Весной Москва пустела. Все разъезжались по деревням.
«Сашенька уехала в деревню, которая находилась в полутора верстах от нашего Большакова, а тетка ее Столыпина жила от нас в трех верстах, в прекрасном своем Средникове; у нее гостила Елизавета Алексеевна Арсеньева с внуком своим Лермонтовым. Такое приятное соседство сулило мне много удовольствия, и на этот раз я не ошиблась. В деревне я наслаждалась полной свободой… Сашенька и я по нескольку раз в день ездили и ходили Друг к другу, каждый день выдумывали разные parties de plaisir[1], катанья, кавалькады, богомолья; то-то было мне раздолье!»
«Сашенька и я точно, мы обращались с Лермонтовым, как с мальчиком, хотя и отдавали полную справедливость его уму. Такое обращение бесило его до крайности, он домогался попасть в юноши в наших глазах, декламировал нам Пушкина, Ламартина и был неразлучен с огромным Байроном. Бродит, бывало, по тенистым аллеям и притворяется углубленным в размышления, хотя ни малейшее наше движение не ускользало от его зоркого взгляда. Как любил он под вечерок пускаться с нами в самые сентиментальные суждения, а мы, чтоб подразнить его, в ответ поддадим ему волан или веревочку, уверяя, что по его летам ему свойственно прыгать и скакать, чем прикидываться непонятым и неоценимым снимком с первейших поэтов.
Еще очень подсмеивались мы над ним в том, что он не только был неразборчив в пище, но никогда не знал, что ел, телятину или свинину, дичь или барашка; мы говорили, что, пожалуй, со временем он, как Сатурн, будет глотать булыжник. Наши насмешки выводили его из терпения, он споривал с нами почти до слез, стараясь убедить нас в утонченности своего гастрономического вкуса; мы побились об заклад, что уличим его в противном на деле. И в тот же самый день после долгой прогулки верхом велели мы напечь к чаю булочек с опилками! И что же? Мы вернулись домой утомленные, разгоряченные, голодные, с жадностью принялись за чай, а наш-то гастроном Мишель, не морщась, проглотил одну булочку, принялся за другую и уже придвинул к себе и третью; но Сашенька и я, мы остановили его за руку, показывая в то же время на неудобосваримую для желудка начинку. Тут не на шутку взбесился он, убежал от нас и не только не говорил с нами ни слова, но даже и не показывался несколько дней, притворившись больным».
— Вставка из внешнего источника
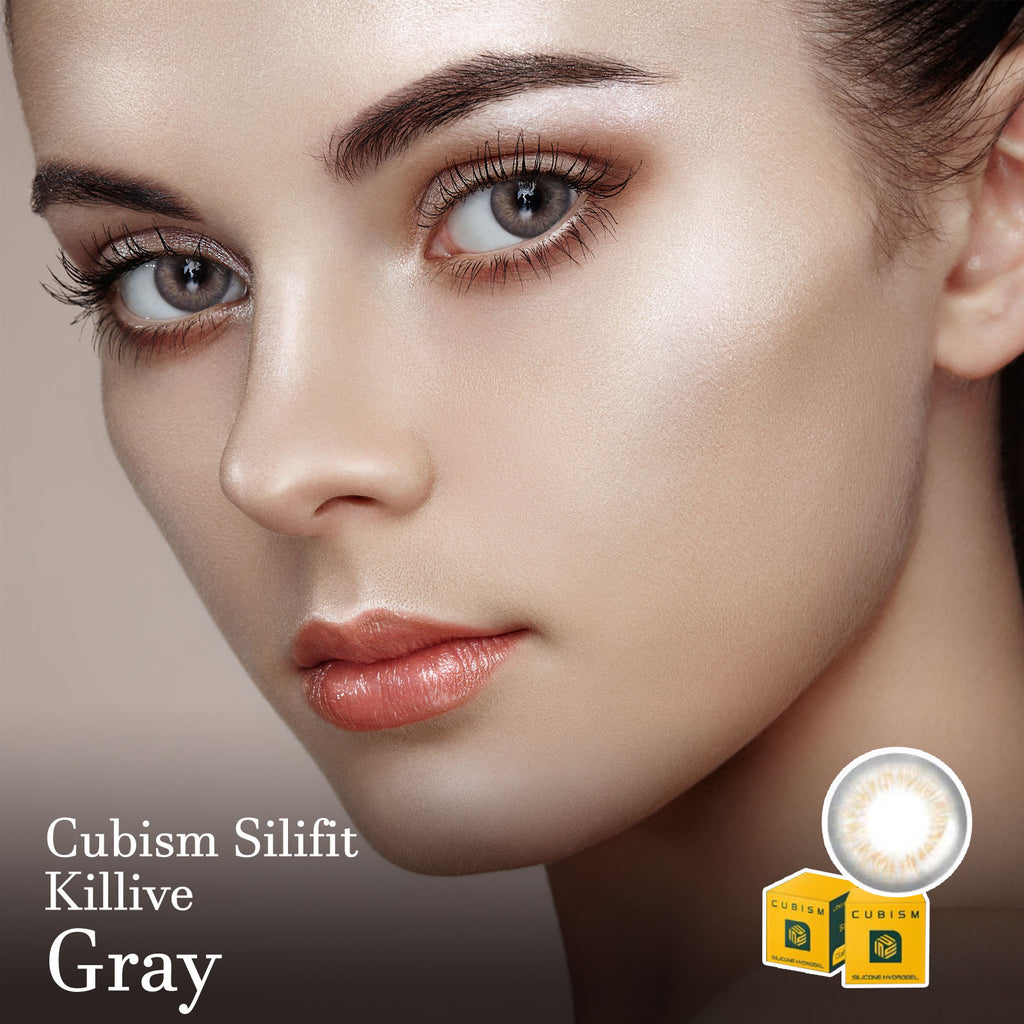 Cubism Silifit Killive Gray Colored Contact Lenses - Lensme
Каникулы заканчивались. Наступила середина августа. Лермонтов был влюблен в Екатерину, но она не принимала его чувства всерьез, хотя и читала его стихи, посвященные ей: «Черноокой», «Благодарю».
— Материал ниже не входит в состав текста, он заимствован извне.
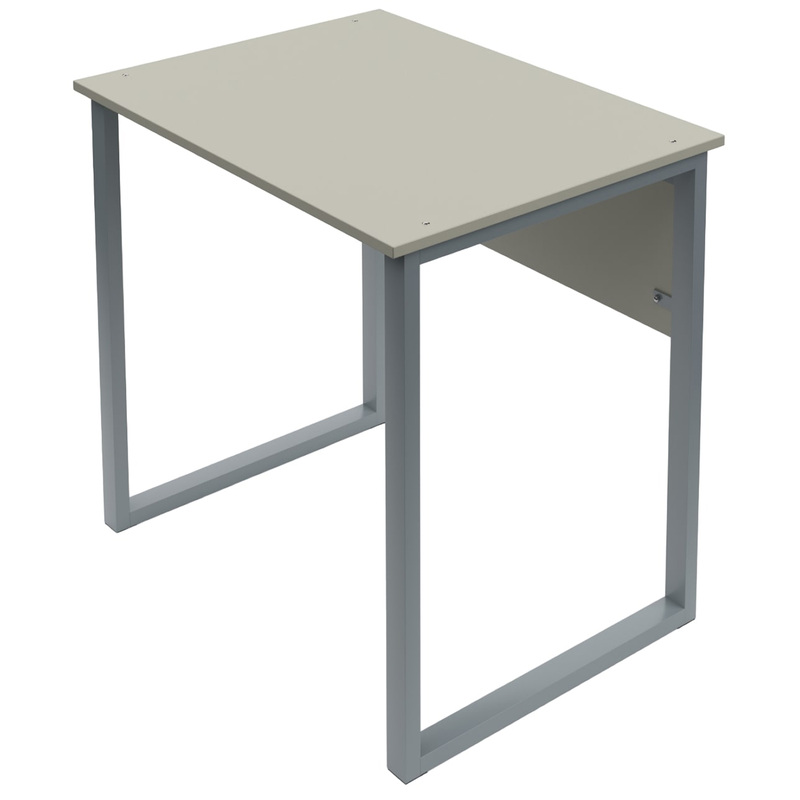 Изображение товара Стол О-образные опоры (серый, 800х600х760 мм)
Лермонтов был убежден, что его избранница, не отвечающая на его страстный интерес к ней, «обманывает» его, издевается над ним и т. д.
Однажды он спросил Екатерину:
«— А вы будете ли гордиться тем, что вам первой я посвятил свои вдохновения?
— Может быть, более других, но только со временем, когда из вас выйдет настоящий поэт, и тогда я буду с наслаждением вспоминать, что ваши первые вдохновения были посвящены мне, а теперь, Monsieur Michel, пишите, но пока для себя одного; я знаю, как вы самолюбивы, и потому даю вам совет, за него вы со временем будете меня благодарить.
— А теперь еще вы не гордитесь моими стихами?
— Конечно, нет, — сказала я, смеясь, — а то была бы похожа на тех матерей, которые в первом лепете своих птенцов находят и ум, и сметливость, и характер, и согласитесь, что и вы, и стихи ваши еще в совершенном младенчестве.